FORT LAUDERDALE - Violent attacks like those inflicted on three homeless men Thursday are a fact of life on the streets, homeless people and advocates said Friday. What stood out in these cases was the savagery of the attacks - one man died - and the fact that one was caught on camera.

"This hasn't just started happening. It's been happening," said Stanley Thompson, 49, as he stood outside the Cooperative Feeding Program with other homeless people. "People think that just because you're homeless, you're not human. You're imperfect."

Homeless people interviewed Friday had tales of violence, often involving bands of youths. They told of bricks and rocks hurled at them, beatings, robberies of their meager possessions. They had suffered broken bones, lost teeth, blackened eyes and bruises. "You can't really go to sleep. You've got to sleep and be halfway awake at night," said Van Jackson, 53. "It's dangerous."

Police were searching Friday for a group of two to four young men believed involved in the separate attacks early Thursday against three homeless men with baseball bats or sticks. One of the victims, Norris Gaynor, 45, died.

Another of the attacks was recorded by a video security camera outside a building housing Florida Atlantic University and Broward Community College facilities. The video and images from it were televised and published nationally.

Attacks on the homeless are frequent in Broward County, where an estimated 10,000 people are homeless on a given day, said Laura Hansen, executive director of the Broward Coalition for the Homeless.

The National Coalition for the Homeless, which annually reports on attacks directed at homeless people, says the majority of attackers are males between 16 and 25.

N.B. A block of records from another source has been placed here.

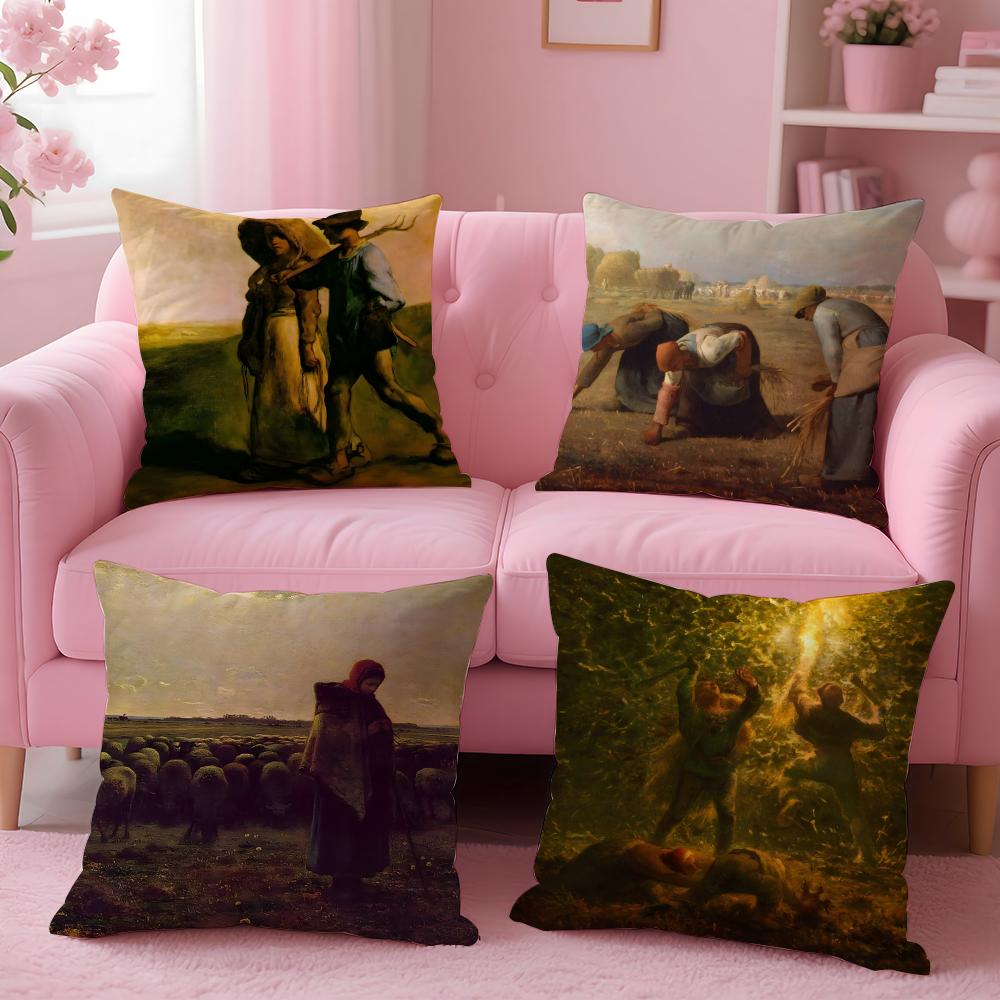 JJeanFrancois Millet ART Cushion Cover Pillow Case Ultra Soft Skin Friendly Fabric Cloud Like Comfort Concealed Zipper
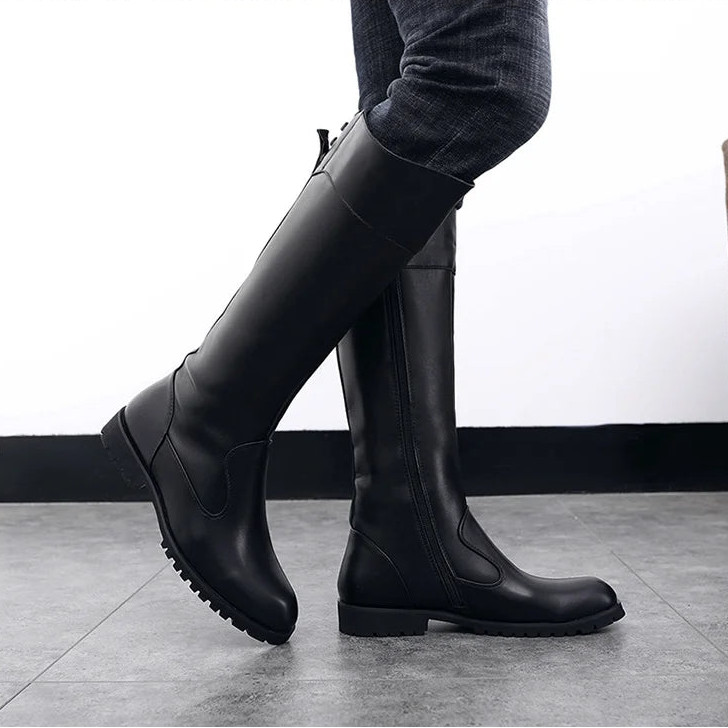 Men Horse Riding Boots  / Microfiber Leather Equestrian  Boots @ ghoddosh.com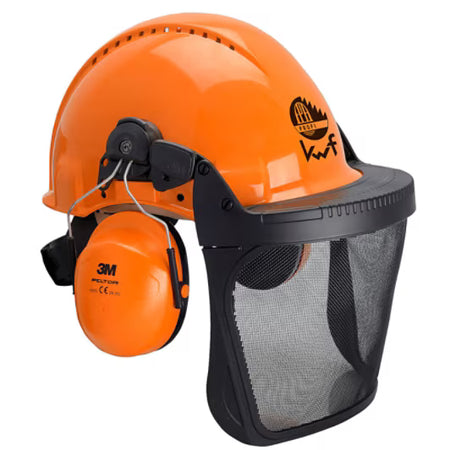 3M™ Helmcombinatie voor de bosbouw, G3000 oranje helm, H31-gehoorkappen, gaas gelaatsscherm V5B, KWF-logo, G3000MOR31V5B-FPA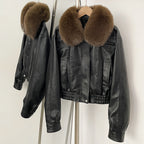 OFTBUY New Spring Autumn Short Top Clothes Women Fashion Pu Leather Jacket with Faux Fur Collar Biker Fake Leather Coat Female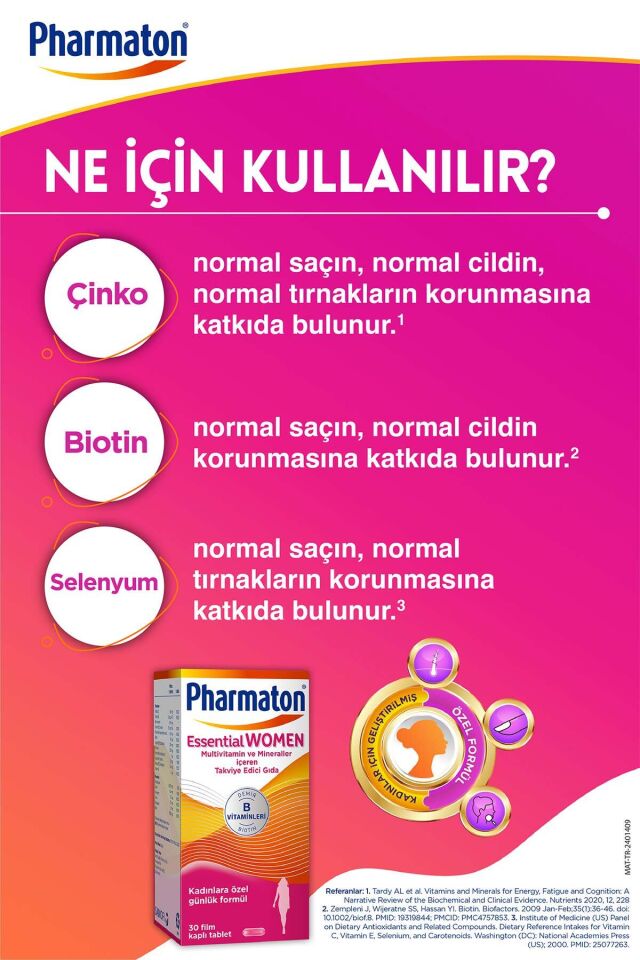 Essential Women 30 Tablet - Biotin, Demir, Vitamin B, Multivitamin Ve Mineraller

In Florida, four teenagers were convicted in December in the beating death of a homeless man in Daytona Beach. Last year, Rep. Robert Wexler, D-Boca Raton, joined Rep. John Conyers, D-Mich., in requesting that the Government Accountability Office conduct a review to determine whether such attacks should be categorized as hate crimes, which usually carry harsher sentences than other types of crime. The GAO has yet to issue a report.